The types of maintenance include "routine maintenance," non-routine "repair maintenance" and "regular and repair maintenance," and job content includes "replacement," "ignore maintenance" and "other work." Accordingly, it is possible to set routine maintenance work arbitrarily for a succeeding occasion at least according to whether or not the maintenance type is "repair maintenance," and whether or not the job content is "replacement." This can improve the work efficiency of the routine maintenance procedure.
Moreover, when the type of maintenance accepted by the data storage means is "routine maintenance" or "routine and repair maintenance," the microprocessor in this case sets the head one of ranking numbers for the job items when the job content is "replacement," sets the present one of the ranking numbers for the job items when the job content is "ignore maintenance," and sets the next from the present one of the ranking numbers for the job items when the job content is "other work." Accordingly, the job-content setting means accurately sets job items for the succeeding routine maintenance work in response to the immediate type of maintenance.
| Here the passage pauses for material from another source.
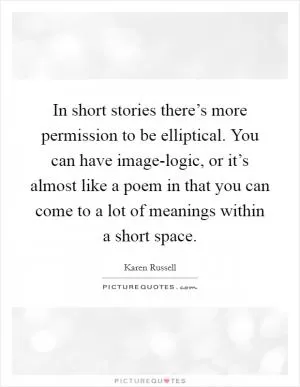 In short stories there’s more permission to be elliptical. You can have image-logic, or it’s almost like a poem in that you can come to a lot of meanings within a short space Picture Quote #1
Furthermore, when the type of maintenance accepted by the data storage means is "repair maintenance," in this case the microprocessor sets the head one of the ranking numbers for the job items when the job content is "replacement," and when the job content is "other work," the microprocessor sets the job content for the present one of the ranking numbers for the job items. Thus the microprocessor can accurately set the job content for the next routine maintenance in response to the most recent type of maintenance.
Moreover, the data storage means, being further configured to retain a plurality of sanctioned image-formation counts, which hold component-by-component for each component a sanctioned number of image formations as a serviceable life-span before replacement, and configured to accept counts of image formations by the image-reproducing system. This makes it possible to determine the life-span of each component from an accepted count of image formations and the corresponding sanctioned image-formation count held in the data storage means. Accordingly, components which have attained life-span count can be replaced reliably during the next routine maintenance procedure.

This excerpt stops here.